Paralel Yapı'nın darbe girişiminde bulunacağının emareleri var mıydı, yoksa 17 Aralık sonrası mı anlaşıldı?
17 Aralık'a kadar hiçbir şey hissetmedim. Hissetseydim zaten iş birliği yapmazdık. Biz onları can bildik, kardeş bildik. Allah rızası için çalıştıklarını düşünerek her türlü desteği verdik. Bu bizim için de böyleydi başbakanımız için de öyleydi. Ne zamanki 17 Aralık o zaman ihanet, art niyet ve sırttan hançerleme olayı çok açık olarak ortaya çıktı.
'Benim için cemaat öldü'
Dinleme kayıtları ve tapeler çıkınca ne düşündünüz?
Binlerce kişinin dinlendiğini ve insanlarla ilgili her şeyin arşiv haline getirildiğini görmek insana kullanıldığı ve güvenilmediği hissini veriyor. Oysa mümin mümine güvenir, hatasını örtmek yerine hangi hatası var diye aramak İslami bir davranış değil. Paralel Yapı'nın yaptıkları hareketlerin İslami olmadığı ortaya çıktı. İslam adına yapılan hareketlerin İslam'a vurulan en büyük darbe olduğu ortaya çıktı. Bu sebeple benim için hareket bir anda öldü.

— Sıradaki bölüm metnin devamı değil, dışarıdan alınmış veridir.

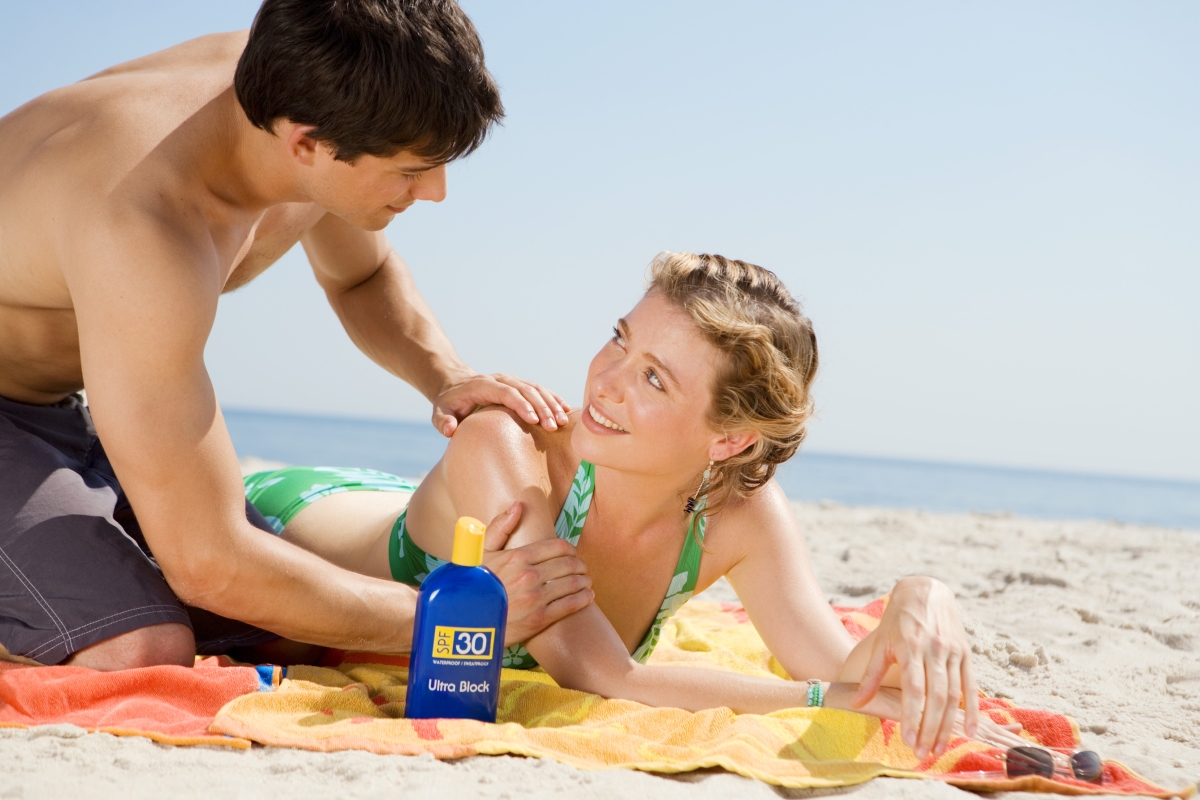 Пока муж на пляже. Хорошо позагорать. Летний загар. Люди защищаются от солнца на пляже мужчина. Даёшь молодёжь загар.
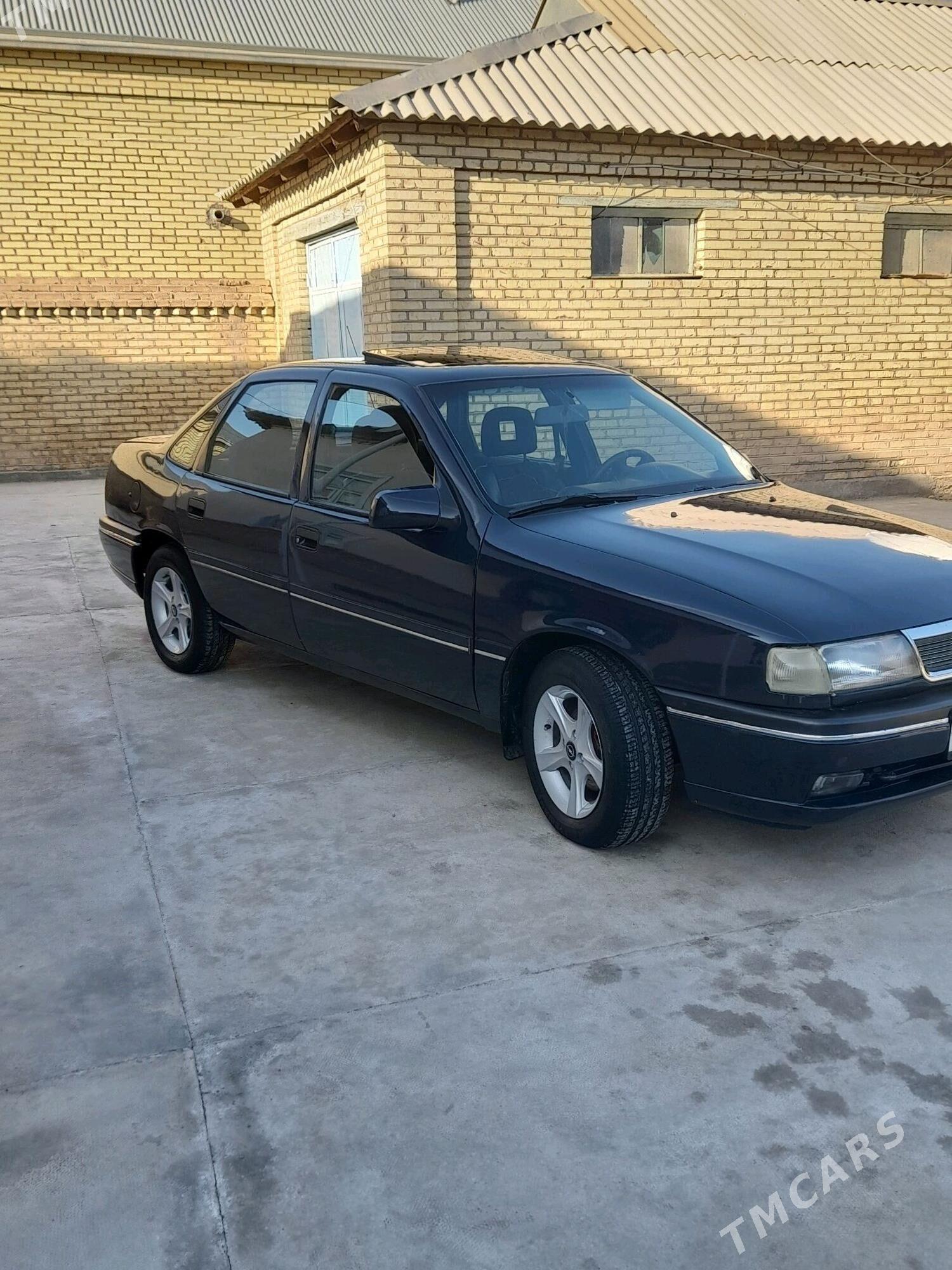 Opel Vectra 1993 - 40 000 TMT - Mary - img 1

17 Aralık sürecinde Gezi'deki kadar aktif olmadığınızı düşünenler hiç de az değil.
Beni tenkit edenler oldu. Hoş onların beni tenkit etmeye hiç hakları yok. Kendilerini başbakanın yanında hiç yer almazken 'Sen niye konuşmuyorsun Melih' diye sitemde bulunanlar oldu. Ben her zaman başbakanımın yanında oldum. İsim vermeden eleştirilerimi yaptım, seçimlere kadar sabrettim.
Neden seçimlere kadar beklediniz konuşmak için?

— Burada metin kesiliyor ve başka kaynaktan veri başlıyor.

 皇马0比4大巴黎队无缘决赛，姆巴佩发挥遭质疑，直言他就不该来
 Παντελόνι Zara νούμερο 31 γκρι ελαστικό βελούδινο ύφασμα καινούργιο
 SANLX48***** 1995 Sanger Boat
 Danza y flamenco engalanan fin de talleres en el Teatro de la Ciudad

Seçimlerden önce konuşacak olsaydım destek vermemelerinin gerekçesi olarak, 'Biz Melih Bey'i çok seviyorduk, oyumuzu da ona verecektik ama böyle yaptığı için oy vermedik' diyeceklerdi. Ama şimdi hem millet hem de ben 'Gökçek ne yaptı da siz milletin kapısına gidip CHP için oy istediniz' diye sorabiliyoruz. Aslında bana oy vermeyecekleri kanaatinde olduğum halde onlara mazeret bırakmak istemedim, bunu insanlar görsün diye sonuna kadar sabrettim.

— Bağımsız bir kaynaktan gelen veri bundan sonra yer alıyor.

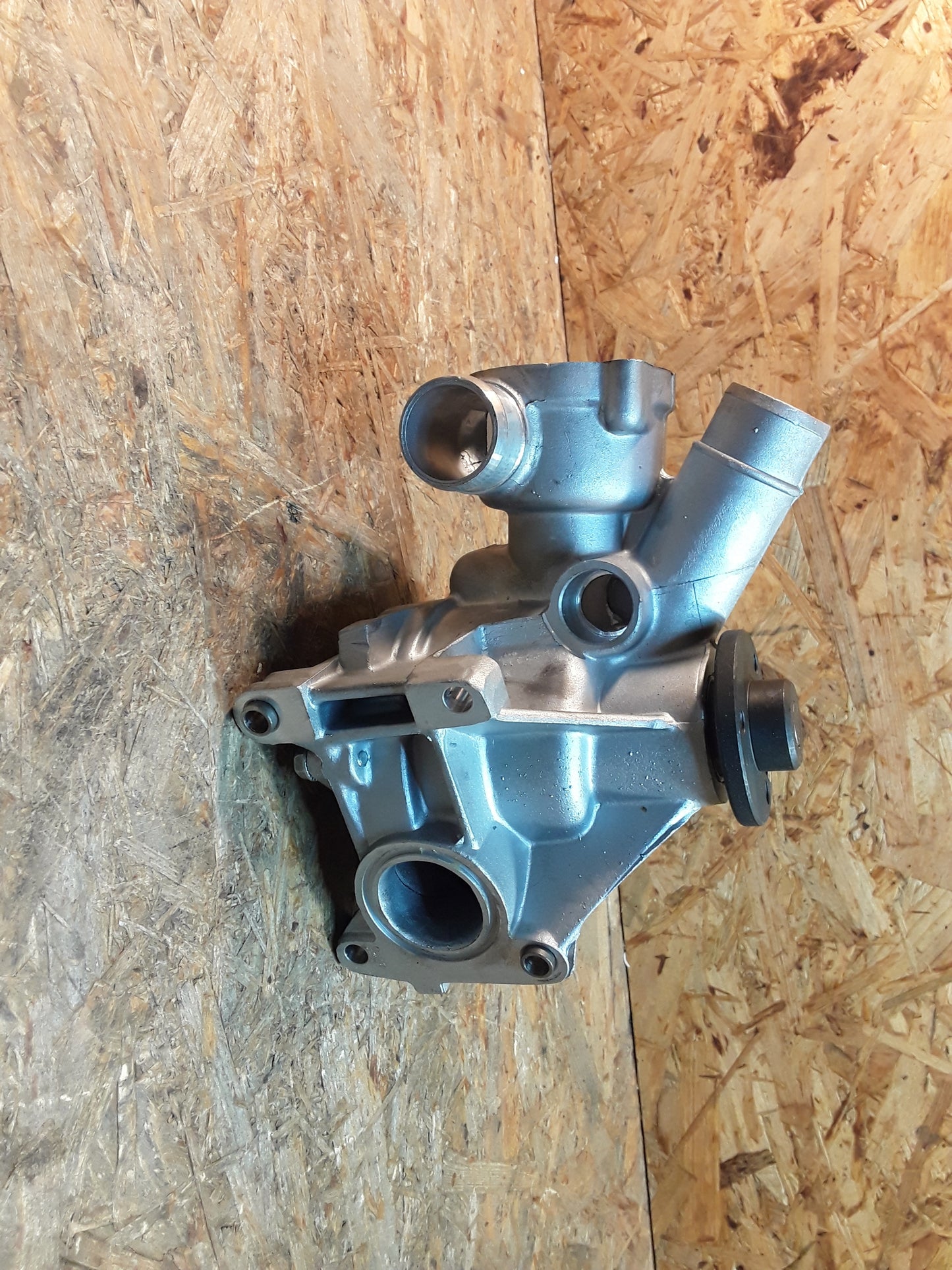 Mercedes Benz W124 Coupe/ Limo/ T-Modell Wasserpumpe original Hepu NEU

Başbakan Paralel Yapı ile mücadelede bir hayli kararlı. Nasıl bir mücadele öngörülüyor?
Ben hizmeti ikiye ayırıyorum. Birinci kısım Allah rızası için her türlü fedakarlığı yapan kişiler. Bu samimi Müslüman kardeşlerimiz hala var. Ama bir ikinci kısım var ki bunlar tamamen beynelmilel güçlerin emrinde ve onların talimatlarıyla hareket ediyor. Bu iki grubu yanyana koymak büyük yanlış olur. Beynelmilel güçlerin emrinde olanlar yüzünden diğer samimi Müslümanları suçlamak büyük günah olur. Sayın Başbakanımız da aynı şeyi söylüyor zaten. Paralel yapının hizmetle hiçbir alakası yok. Onların gayesi beynelmilel güçlere yardım etmek.
Gülen'in beddua görüntüsünü görünce ne hissettiniz?
Üzüldüm, çok üzüldüm. Yakışan bir davranış değildi.
'Korkup susan var'
Güçlü konumlarda olup da suskun kalanlar oldu. Bunu neye bağlamak gerekir?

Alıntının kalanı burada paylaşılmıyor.